Hart Park ballfield finished under budget
But some say there are still improvements that need to be made
Improvements to the Hart Park softball diamond came in $10,000 under budget, so the money was returned to the city's coffers.
However, softball players have wondered why those dollars weren't spent to make some of the changes they had been told didn't make the initial project budget.
"It's more surprise and frustration on our part," said Scott Reidel, a softball player who has been advocating for improvements to the ballfield. "We had $40,000 to do renovations and we turned $10,000 away."
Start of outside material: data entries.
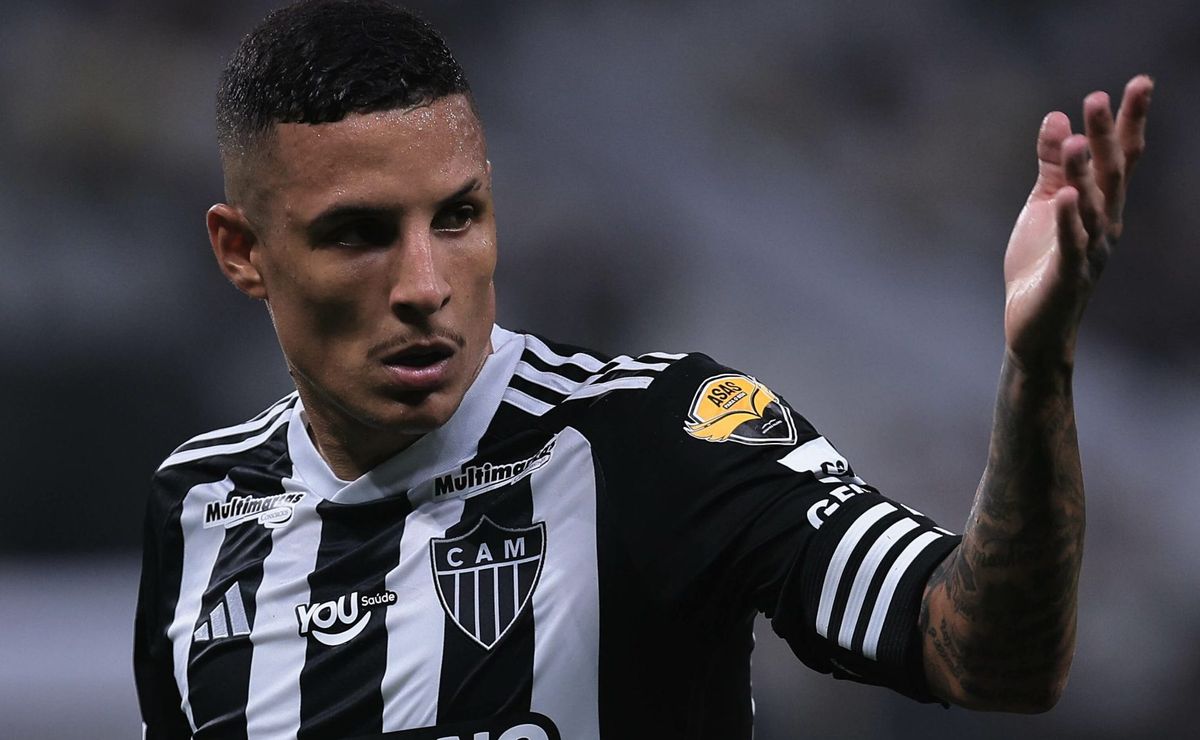 Guilherme Arana saindo do Atlético-MG rumo ao Corinthians tem decisão e não vai acontecer em 2025
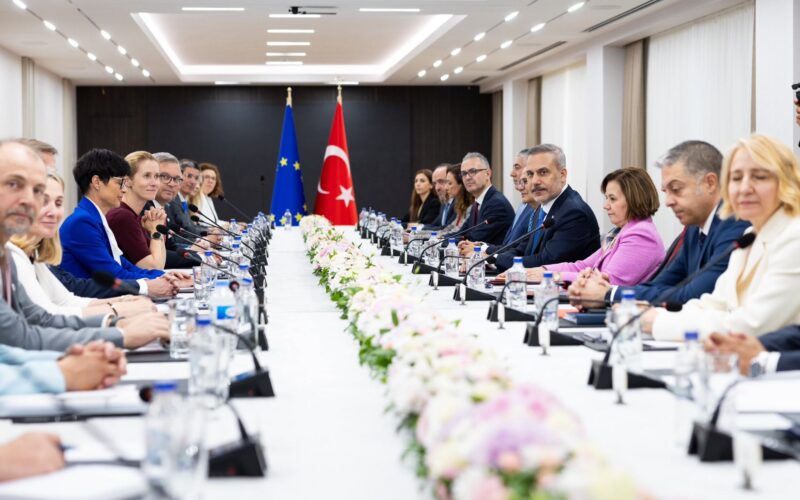Türkiye-AB İlişkileri 2026: Ticaret, Göç ve Güvenlik Gündemi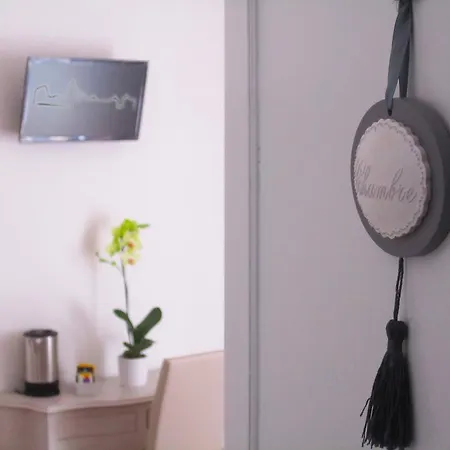 Exa - Just 4* 로마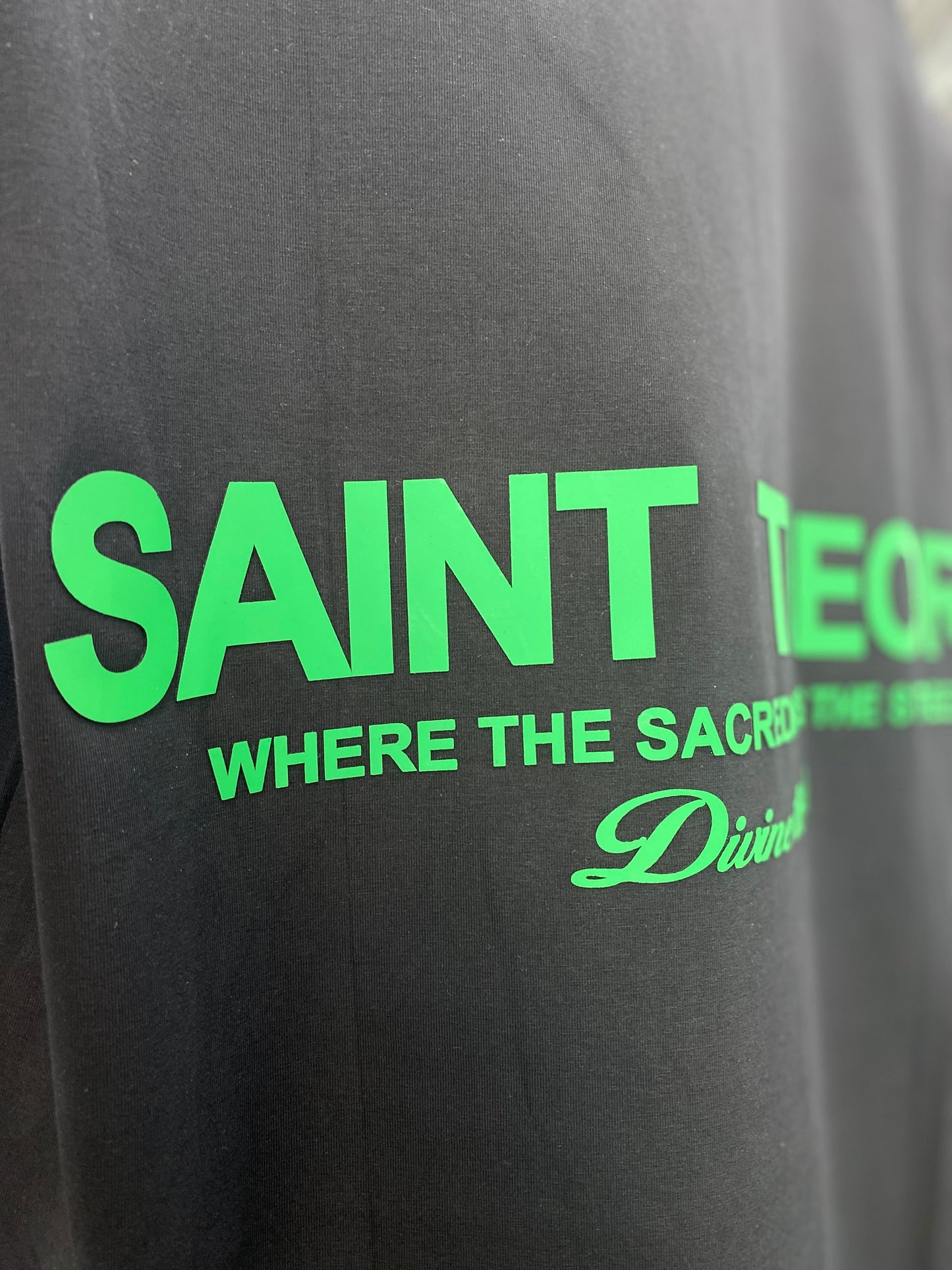 SAINT THEORY T SHIRT HILOS DIVINOS NEGRA/VERDE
The money for the project was specifically to renovate the infield, which included replacing the drainage system, Parks and Forestry Superintendent Ken Walbrant said. When the drainage system was deemed in good condition, the money went back to the city's general fund.
Players have pitched in
Reidel said it was a bit of a slap in the face to the organizers of HartFest, who put on a softball tournament at last year's HartFest that raised $1,000. As owner of Wauwatosa-based Reidel Sports - an athletic uniform and apparel business - he added another $2,000 of his own money and now the field has an electronic scoreboard with a timer.
There was no money in the budget for a scoreboard at the time, so then-mayor Jill Didier asked Reidel to raise funds.
"I saw it as an opportunity to get this field to where it should be," Reidel said. "Mayor Didier worked to make this a gem of the city, and we thought this was part of it."
He and fellow HartFest board member Andy Mann are quick to point out that they're grateful for the improvements that have been made.
"The field had a bit of a tilt when the fence and retainers weren't there," Reidel said, explaining that rivers of mud poured off the field and under the bleachers when it rained.
More left to do
But there were a few design and safety aspects he pushed for from the get-go that didn't occur, and he was under the impression the city couldn't afford them.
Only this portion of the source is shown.